Pull out each line of the records holding the string "Venda".

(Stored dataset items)
——————————
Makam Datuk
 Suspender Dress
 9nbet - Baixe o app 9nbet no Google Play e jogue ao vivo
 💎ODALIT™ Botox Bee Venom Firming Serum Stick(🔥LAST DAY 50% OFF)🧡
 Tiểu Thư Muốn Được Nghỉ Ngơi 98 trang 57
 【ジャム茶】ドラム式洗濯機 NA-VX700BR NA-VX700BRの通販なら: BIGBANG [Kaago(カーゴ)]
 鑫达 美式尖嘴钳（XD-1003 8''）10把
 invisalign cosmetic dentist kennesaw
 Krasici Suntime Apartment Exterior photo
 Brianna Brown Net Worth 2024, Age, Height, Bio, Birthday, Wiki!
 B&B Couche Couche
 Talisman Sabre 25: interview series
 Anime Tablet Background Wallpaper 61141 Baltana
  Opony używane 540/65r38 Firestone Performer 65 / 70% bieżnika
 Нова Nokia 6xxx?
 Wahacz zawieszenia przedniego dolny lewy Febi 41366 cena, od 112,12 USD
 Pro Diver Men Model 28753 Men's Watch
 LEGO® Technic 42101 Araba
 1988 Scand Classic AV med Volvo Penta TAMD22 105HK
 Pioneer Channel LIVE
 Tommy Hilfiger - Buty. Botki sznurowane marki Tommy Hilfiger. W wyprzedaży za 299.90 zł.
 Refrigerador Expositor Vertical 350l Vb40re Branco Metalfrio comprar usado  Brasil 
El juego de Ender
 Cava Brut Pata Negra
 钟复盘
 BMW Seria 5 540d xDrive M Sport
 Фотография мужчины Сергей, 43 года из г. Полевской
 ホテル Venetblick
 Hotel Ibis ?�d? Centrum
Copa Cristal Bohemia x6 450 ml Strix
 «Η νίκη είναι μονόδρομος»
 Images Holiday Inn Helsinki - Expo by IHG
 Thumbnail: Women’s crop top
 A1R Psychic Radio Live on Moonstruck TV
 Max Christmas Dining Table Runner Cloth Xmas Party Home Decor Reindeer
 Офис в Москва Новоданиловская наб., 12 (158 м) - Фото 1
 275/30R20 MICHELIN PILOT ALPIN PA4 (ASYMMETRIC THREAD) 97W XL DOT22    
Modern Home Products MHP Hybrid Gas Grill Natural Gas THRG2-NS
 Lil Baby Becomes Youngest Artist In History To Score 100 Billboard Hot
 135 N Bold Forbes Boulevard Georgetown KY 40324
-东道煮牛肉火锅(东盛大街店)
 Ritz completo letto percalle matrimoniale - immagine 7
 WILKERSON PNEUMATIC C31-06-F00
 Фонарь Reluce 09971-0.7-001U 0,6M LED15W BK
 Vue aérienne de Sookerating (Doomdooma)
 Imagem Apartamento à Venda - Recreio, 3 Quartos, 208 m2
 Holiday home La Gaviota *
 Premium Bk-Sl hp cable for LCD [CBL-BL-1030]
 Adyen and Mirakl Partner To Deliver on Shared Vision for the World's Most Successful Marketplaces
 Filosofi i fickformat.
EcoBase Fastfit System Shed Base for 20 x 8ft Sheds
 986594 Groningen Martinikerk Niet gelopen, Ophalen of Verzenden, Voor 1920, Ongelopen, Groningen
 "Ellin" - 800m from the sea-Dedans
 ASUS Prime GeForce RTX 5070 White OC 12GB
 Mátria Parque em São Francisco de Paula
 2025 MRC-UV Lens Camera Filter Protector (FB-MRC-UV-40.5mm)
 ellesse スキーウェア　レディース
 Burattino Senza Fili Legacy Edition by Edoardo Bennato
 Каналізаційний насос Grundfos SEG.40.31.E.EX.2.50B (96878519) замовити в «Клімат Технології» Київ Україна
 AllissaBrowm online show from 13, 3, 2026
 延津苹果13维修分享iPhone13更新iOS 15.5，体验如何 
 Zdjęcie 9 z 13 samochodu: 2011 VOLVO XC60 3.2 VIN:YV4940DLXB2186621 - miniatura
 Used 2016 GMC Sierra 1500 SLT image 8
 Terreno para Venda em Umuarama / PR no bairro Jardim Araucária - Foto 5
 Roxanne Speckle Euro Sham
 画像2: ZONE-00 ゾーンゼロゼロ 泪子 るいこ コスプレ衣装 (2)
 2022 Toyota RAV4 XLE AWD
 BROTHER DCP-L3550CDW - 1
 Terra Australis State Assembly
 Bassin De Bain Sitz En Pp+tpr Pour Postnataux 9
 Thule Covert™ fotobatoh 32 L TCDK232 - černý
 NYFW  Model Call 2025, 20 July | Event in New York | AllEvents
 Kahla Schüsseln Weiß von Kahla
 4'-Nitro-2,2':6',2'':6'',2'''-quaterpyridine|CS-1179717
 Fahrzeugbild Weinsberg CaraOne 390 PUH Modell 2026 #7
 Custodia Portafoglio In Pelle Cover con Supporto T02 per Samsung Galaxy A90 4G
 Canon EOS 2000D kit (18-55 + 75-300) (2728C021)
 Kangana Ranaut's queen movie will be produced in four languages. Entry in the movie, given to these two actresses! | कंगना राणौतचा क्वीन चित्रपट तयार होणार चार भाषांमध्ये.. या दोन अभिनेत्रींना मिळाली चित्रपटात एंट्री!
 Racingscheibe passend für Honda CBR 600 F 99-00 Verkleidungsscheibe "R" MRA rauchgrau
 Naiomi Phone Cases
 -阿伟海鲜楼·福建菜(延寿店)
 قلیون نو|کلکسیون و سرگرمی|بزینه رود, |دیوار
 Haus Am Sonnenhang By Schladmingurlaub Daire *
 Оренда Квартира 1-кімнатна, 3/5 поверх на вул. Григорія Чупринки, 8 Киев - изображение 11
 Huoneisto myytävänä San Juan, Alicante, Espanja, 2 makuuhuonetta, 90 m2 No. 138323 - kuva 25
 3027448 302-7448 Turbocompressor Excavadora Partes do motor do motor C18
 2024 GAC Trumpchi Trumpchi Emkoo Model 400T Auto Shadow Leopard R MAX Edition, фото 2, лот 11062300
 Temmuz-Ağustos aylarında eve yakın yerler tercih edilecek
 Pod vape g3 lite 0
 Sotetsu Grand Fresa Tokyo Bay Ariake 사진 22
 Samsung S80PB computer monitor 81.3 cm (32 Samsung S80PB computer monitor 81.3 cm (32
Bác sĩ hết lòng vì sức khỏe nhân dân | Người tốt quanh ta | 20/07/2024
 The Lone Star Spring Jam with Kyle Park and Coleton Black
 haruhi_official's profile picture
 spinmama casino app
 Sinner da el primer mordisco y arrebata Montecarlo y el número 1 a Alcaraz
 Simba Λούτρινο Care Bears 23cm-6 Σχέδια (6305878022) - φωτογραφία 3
——————————
#### ANSWER SECTION:
 Imagem Apartamento à Venda - Recreio, 3 Quartos, 208 m2
 Terreno para Venda em Umuarama / PR no bairro Jardim Araucária - Foto 5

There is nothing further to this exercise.